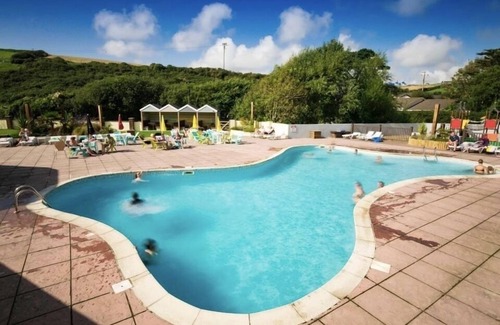 Newquay Ski Chalet | 2 Bedrooms, Sleeps 6, Fast WiFi, Pets Ok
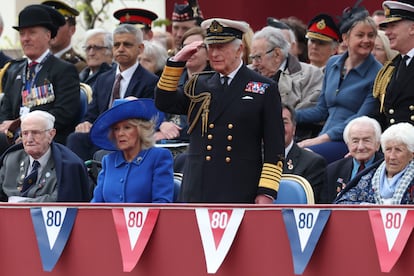 El rey Carlos III, que sirvió en la Marina Británica en su juventud, se ha puesto de pie para saludar a los 1.300 miembros de las fuerzas armadas británicas que han desfilado en el arranque de las celebraciones.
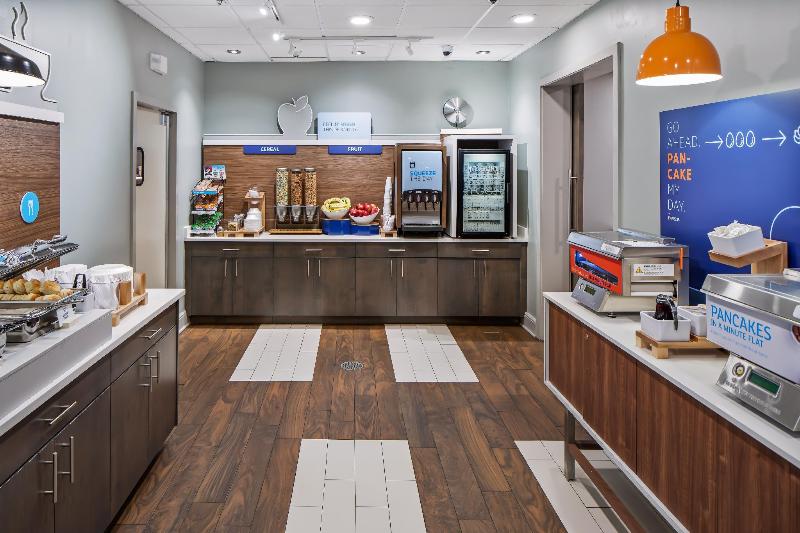 Отель Holiday Inn Express Atlanta Airport College Park, An Ihg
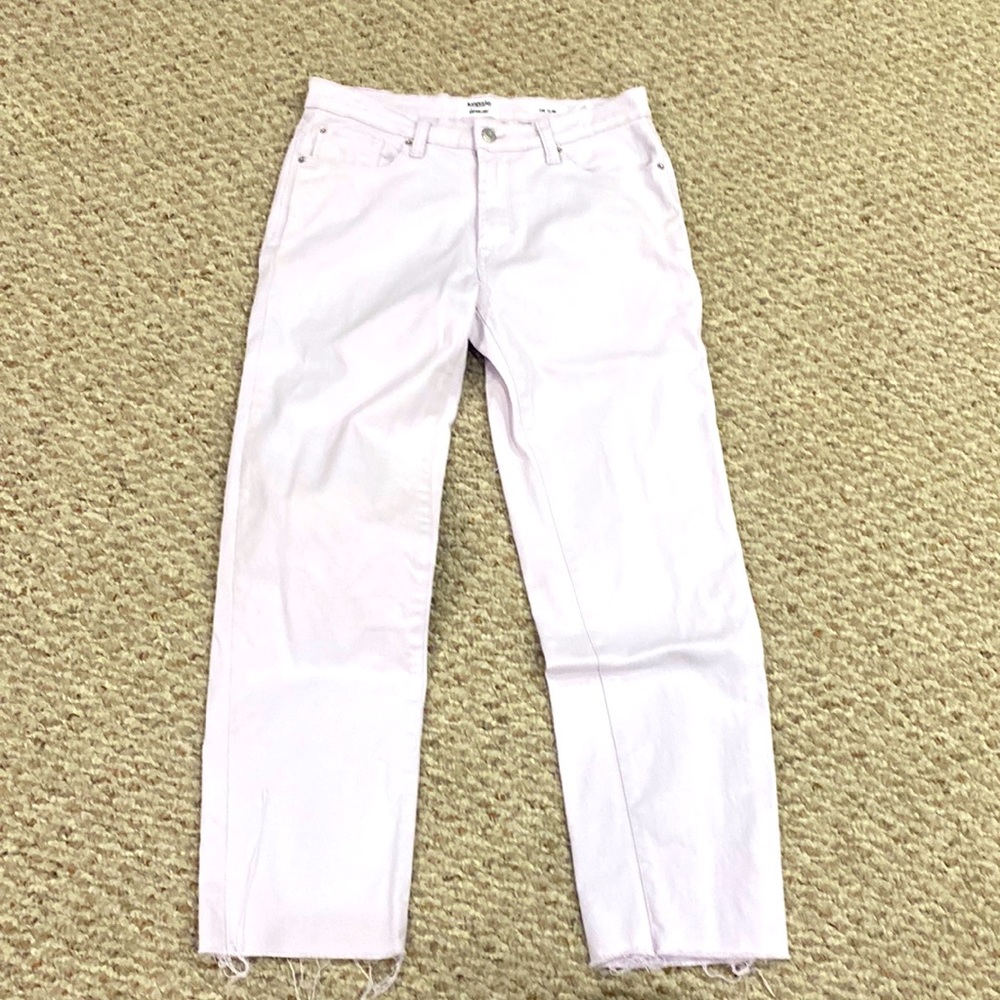 Kensie lavender 5 pkt straight leg  jeans Size 6/28 “The Slim”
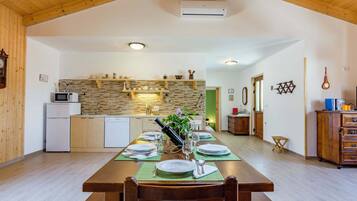 Apartment | Private kitchen | High chair, cookware/dishes/utensils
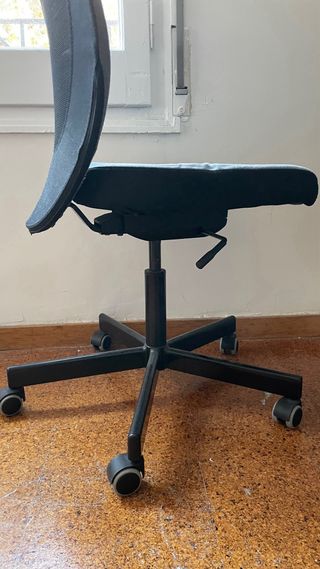 Silla de oficina con ruedas
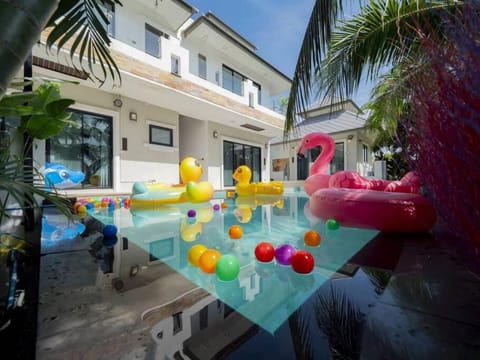 Milan Private Pool Villa Huahin Villa in Nong Kae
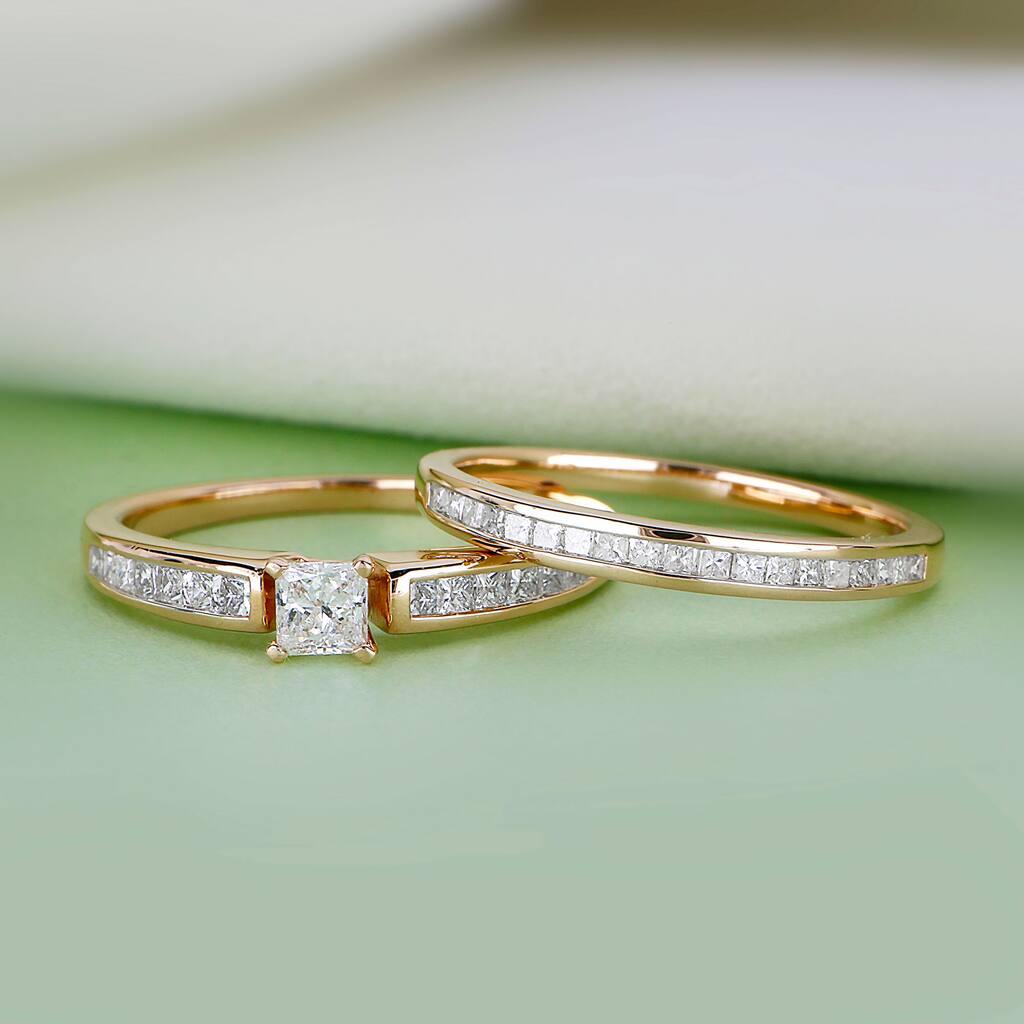 IGI Certified 1ct TDW Princess Cut Diamond Bridal Set in 14K Yellow Gold for Women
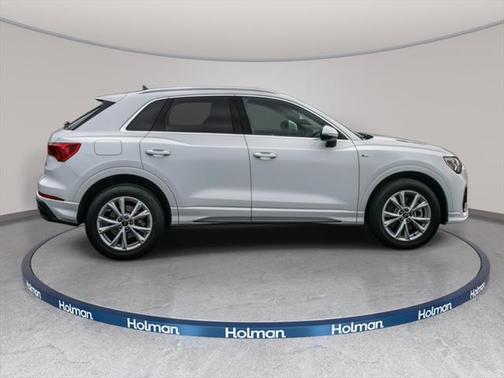 2024 Audi Q3 Premium 45 TFSI S line quattro Tiptronic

WORK TO BE COMPLETED: If a line falls between the one containing "IGI Certified 1ct" and the last line of the entries above, both included, reproduce it exactly; leave the pictures out.

TASK RESULT:
 IGI Certified 1ct TDW Princess Cut Diamond Bridal Set in 14K Yellow Gold for Women
 2024 Audi Q3 Premium 45 TFSI S line quattro Tiptronic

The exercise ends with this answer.